MEB'deki gelişmeleri haberleştiren Meb Personel’deki 31 habere erişimi engelleten MEB, bir hafta sonra da mebpersonel.com alan adı için erişim engeli kararı aldırttı. Meb Personel, bu durumdan MEB Hukuk Hizmetleri Genel Müdürünü sorumlu tutarak “Hakkındaki haberleri yalanlayamadığı için makamının gücünü kullanıyor” dedi.
ALİ SAFA KORKUT
Milli Eğitim Bakanlığındaki (MEB) gelişmeler ile öğretmen ve öğretmen adayları hakkındaki haberlere yer veren Meb Personel isimli haber platformunda yer alan 31 haber, MEB’in talebi üzerine Ankara 2. Sulh Ceza Hakimliğinin 1 Kasım tarihli kararıyla erişime engellendi.
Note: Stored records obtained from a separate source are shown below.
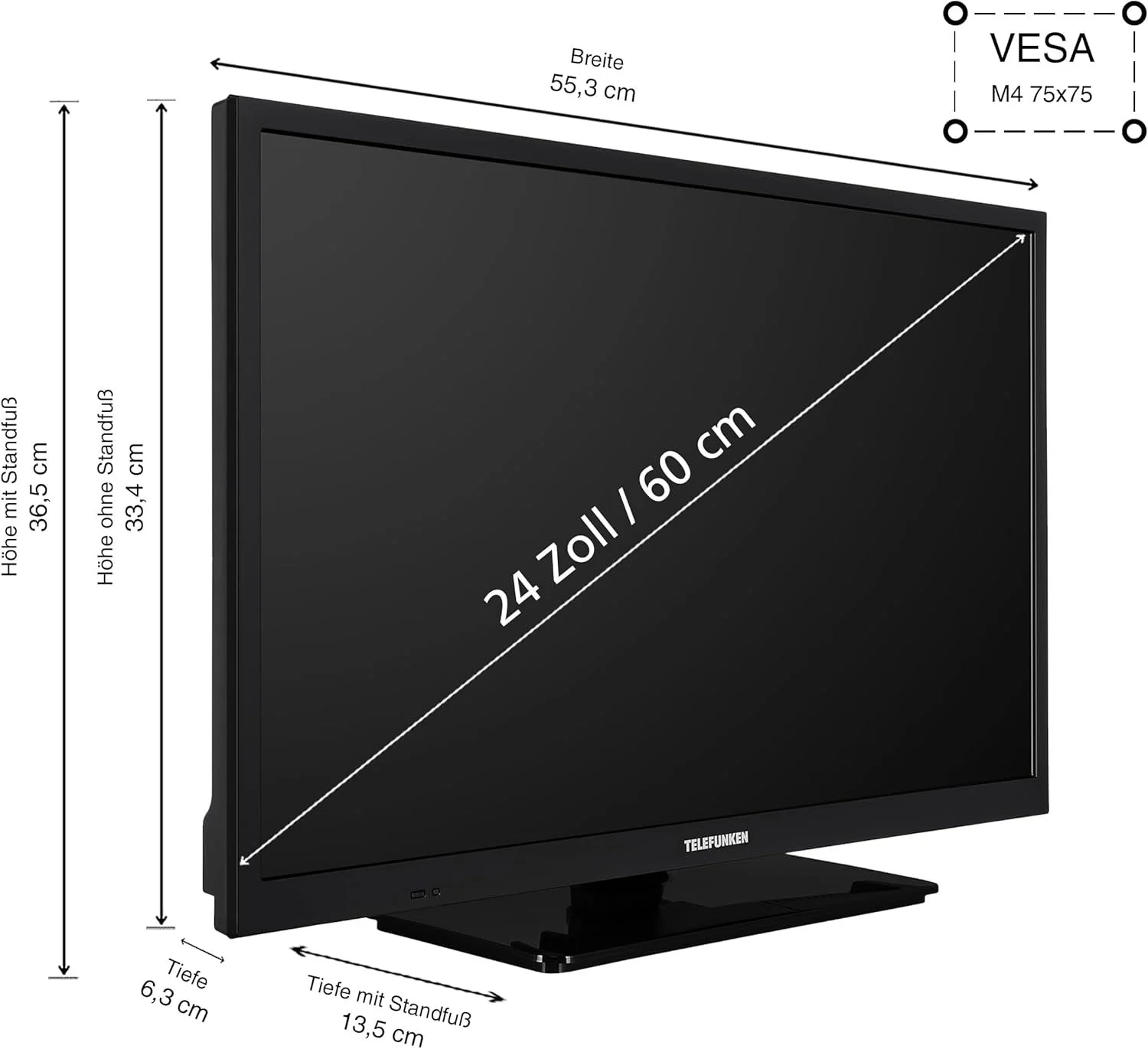 Телевизор 24" Telefunken XH24O550M / HD / 50 Гц / LED / T2, фото №2 Телевизор 24" Telefunken XH24O550M / HD / 50 Гц / LED / T2, фото №2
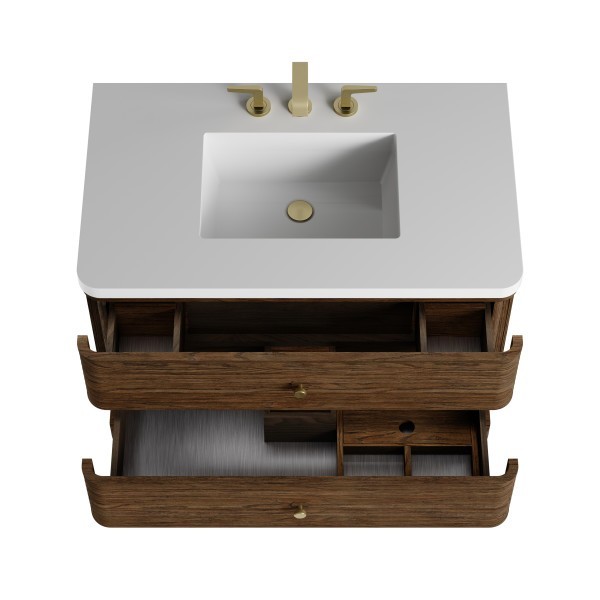 36″ James Martin Allamari D640-V36-SBL-WWZ Vanity Cabinet White Zeus Top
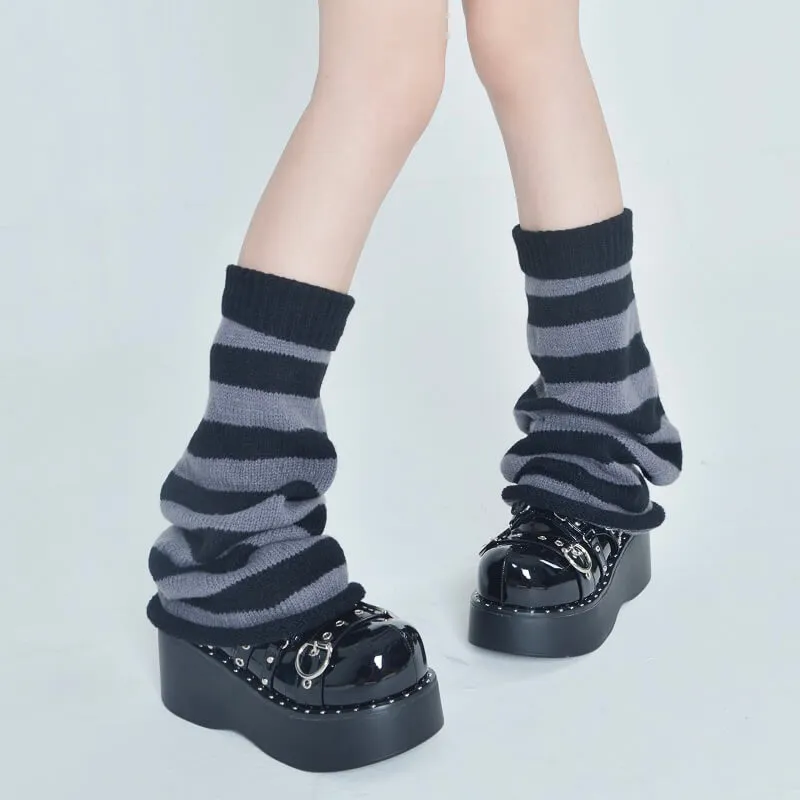 Flared Striped Knit Leg Warmer Socks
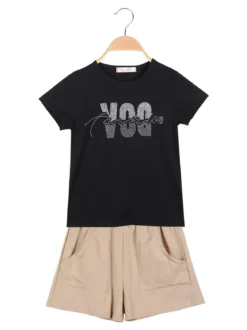 Luisa Chic Completo corto da bambina 2 pezzi con strass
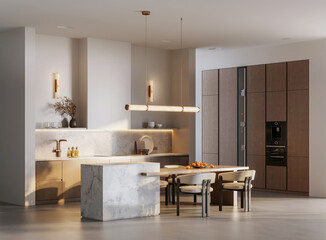 Obraz premium Modern elegant kitchen interior with wood kitchen cabinets, white walls, marble backsplash and concrete floor. Minimalistic design. 3d image, 3d render 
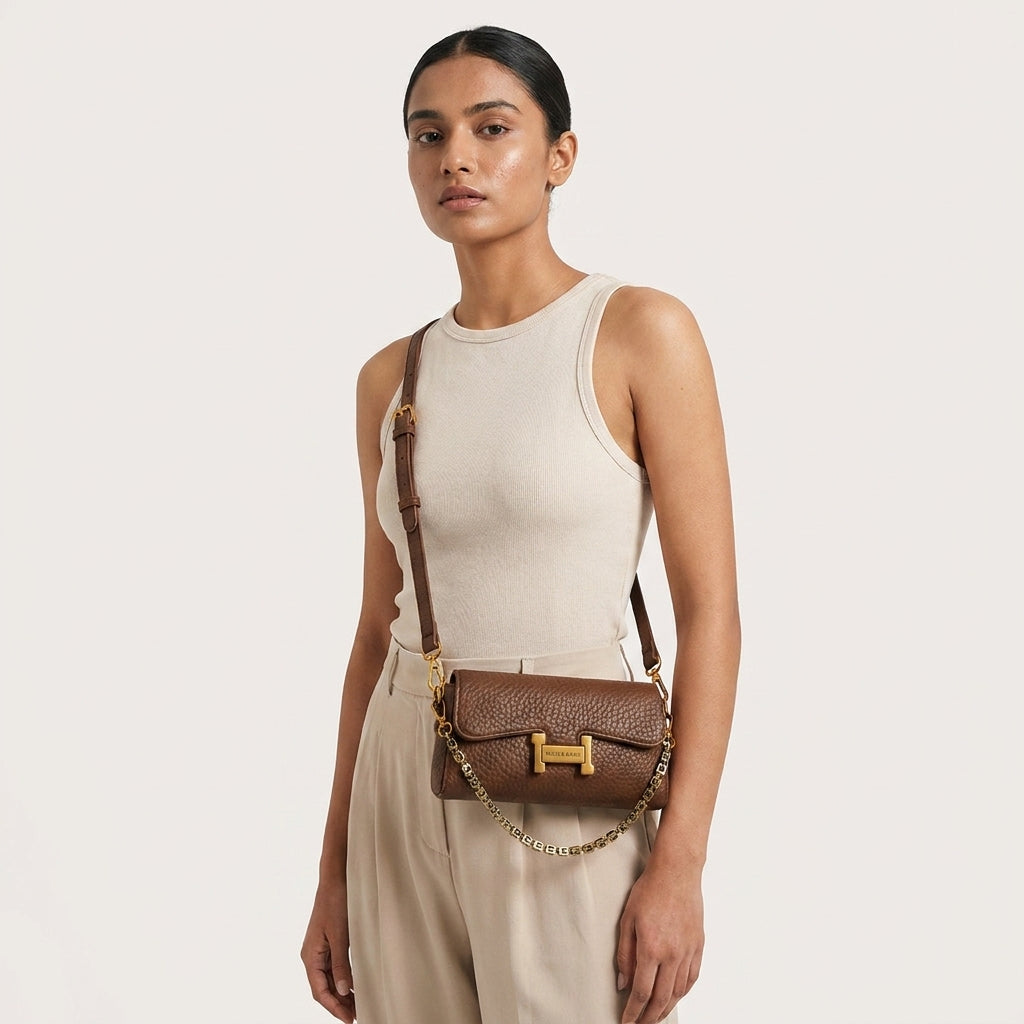 Women's Chain Shoulder Bag | Korean Style, Lock Clasp, PU A1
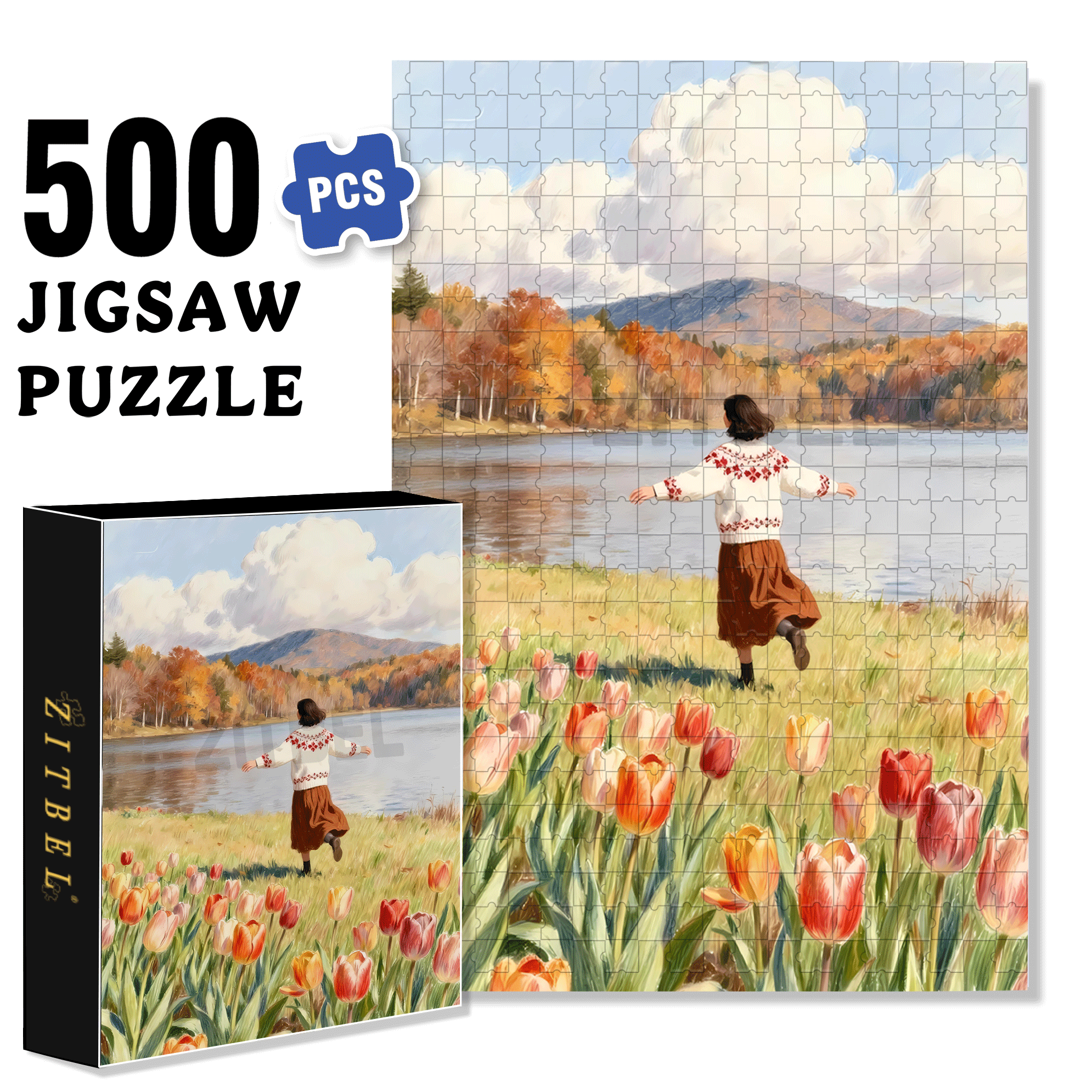 A Great Weekend Destination 13 500pcs/1000pcs Jigsaw Puzzle, Scratch-Resistant, Interactive Family Game & Brain-Boosting DIY Decor, Perfect for Halloween, Christmas & New Year Gifts, Family Puzzle Game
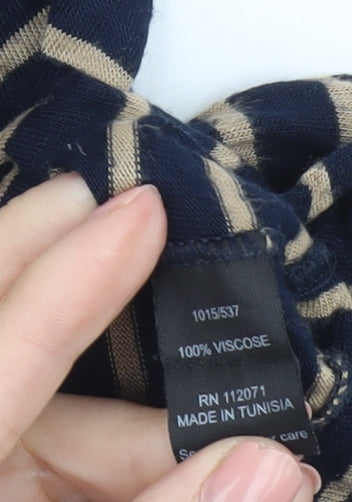 Jigsaw Women's Beige Black Striped Long Sleeve Top M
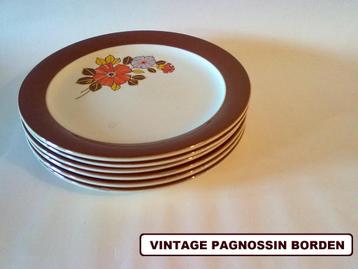 6 x retro vintage Pagnossin eetbord dinerbord servies bord beschikbaar voor biedingen
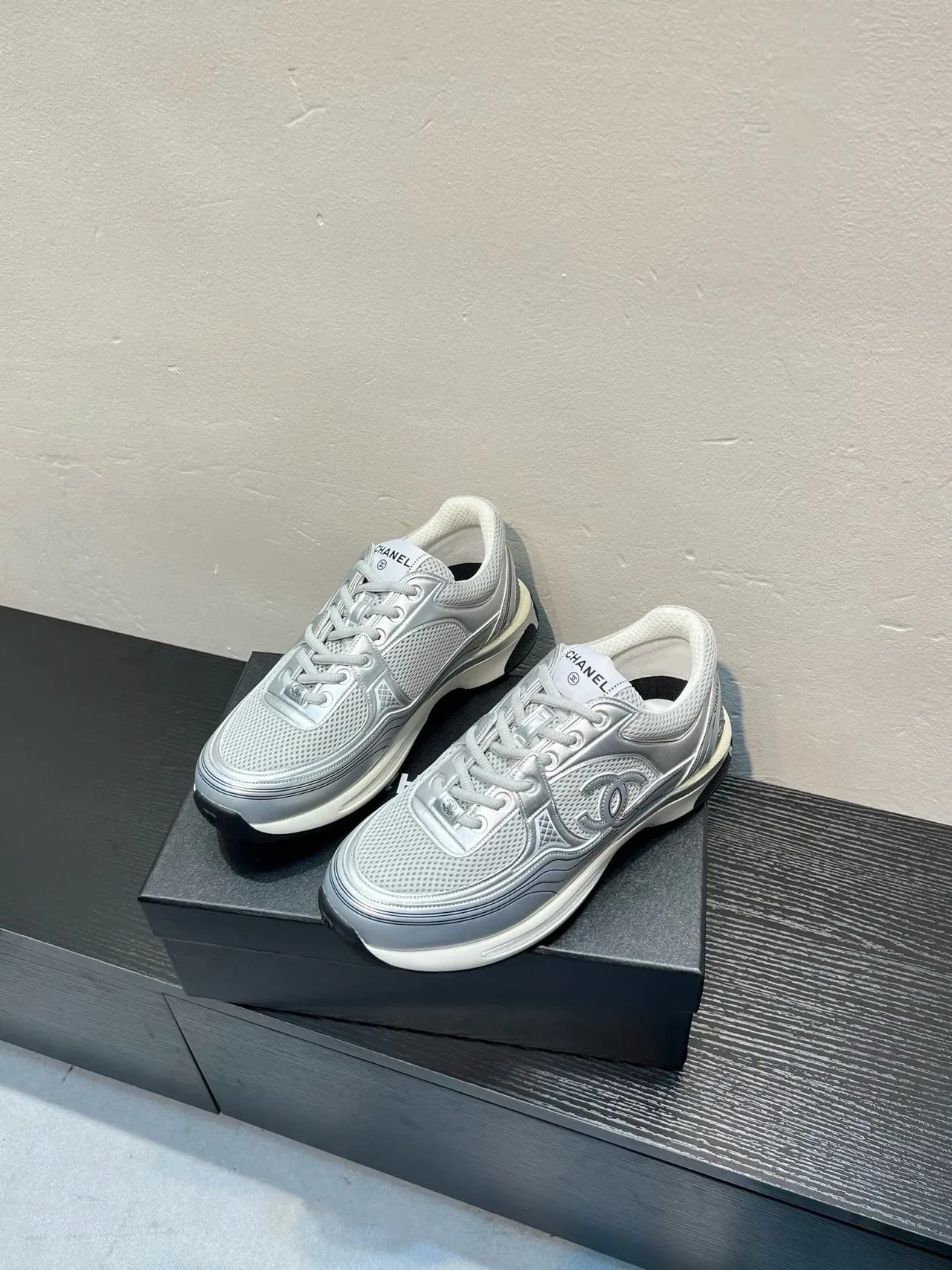 Chanel Silver White Metallic Mesh Embossed Interlocking CC Logo Lifestyle Sneakers 3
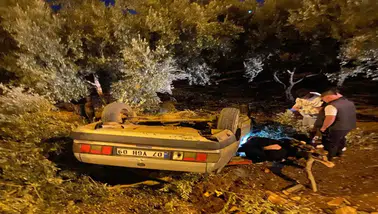 Döşemealtı'nda Otomobil Zeytin Bahçesine Uçtu: 1 Yaralı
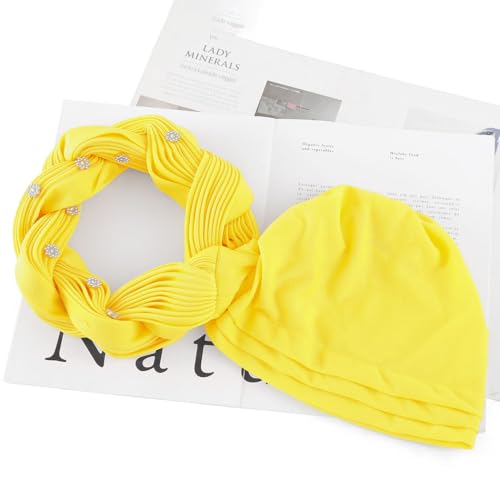 Woeoe Women African Turban Pre-Tied Twisted Beanie Cap Headwear Rhinestone Soft Stretchy Head Turbans - color: Yellow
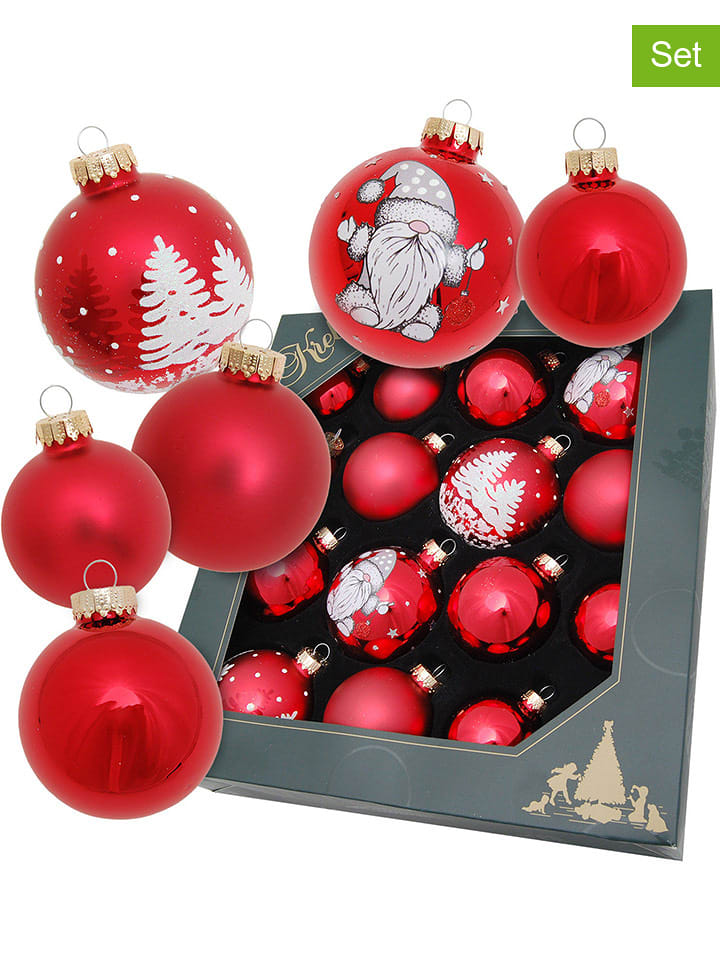 Krebs Glas Lauscha Bombki (16 szt.) w kolorze czerwonym rozmiar: onesize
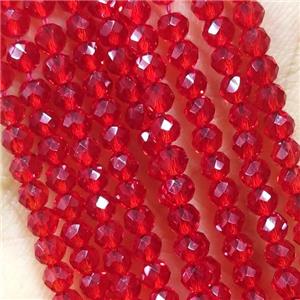 Red Crystal Glass Beads Faceted Round, approx 3mm dia [GB14999]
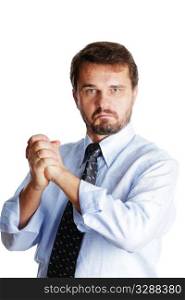 Caucasian mature businessman makes a victory sign and looking to the camera, isolated over white background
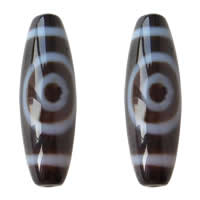 Coirníní Tibéidis dZi Agate Nádúrtha, Agate Tibéidis, Oval, neamh agus talamh aon-eyed & dhá ton, Grád AAA, 13x39mm, Poll:Thart 2mm, Díolta De réir PC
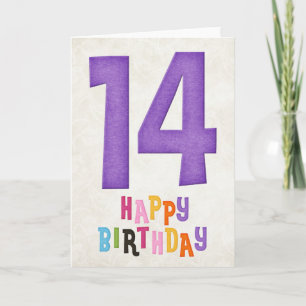 14e anniversaire Bonne carte d'anniversaire Design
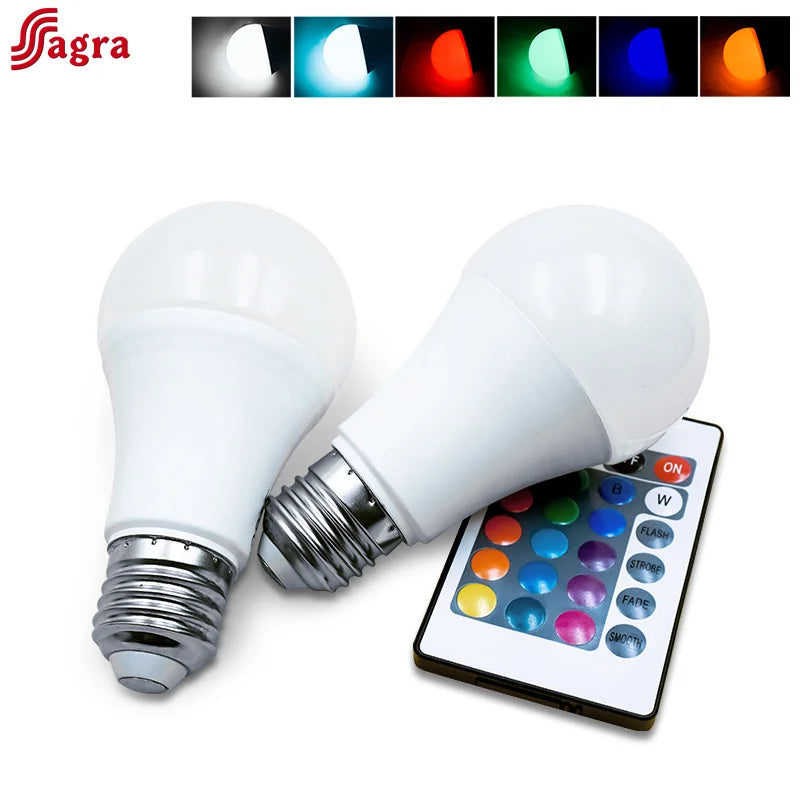מנורת לד חכמה RGB משולבת צבעים עם שלט רחוק, הברגה E27 ותאורת אווירה מתקדמת (Copy)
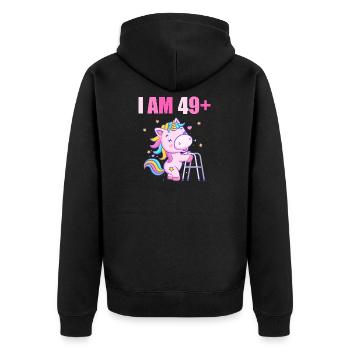 50 ans de licorne J’ai 49 ans+ 50 ans - Veste à capuche bio Premium Unisexe - noir - Dos - Nico (187cm)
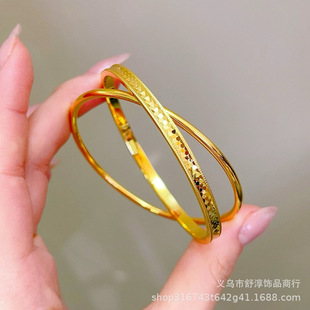 仿金店同款沙金999龙鳞双环手镯女黄铜镀金cnc高闪亮片时尚手镯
Kişilik hakları ihlali gerekçesiyle verilen karar kapsamında erişime engellenen haberlerin birçoğunda, bakanlıkta çeşitli usulsüzlüklerin gerçekleştiği iddia ediliyordu.
Ancak Meb Personel hakkında verilen erişim engeli kararı bununla sınırlı kalmadı. Zira MEB avukatı, 8 Kasım’da Ankara 2. Sulh Ceza Hakimliğine, bir başka kararda yer alan yazım ve ifade hatalarının giderilmesi için izlenen yol olan tavzih talebi dilekçesi yazdı. Dilekçede, 1 Kasım tarihli karardaki maddi hataların düzeltilmesi istenirken, mebpersonel.com’un ilgili kararda URL adresi yönünden incelenmediği belirtilerek adresin incelenmesi ve erişime engellenmesi de talep edildi.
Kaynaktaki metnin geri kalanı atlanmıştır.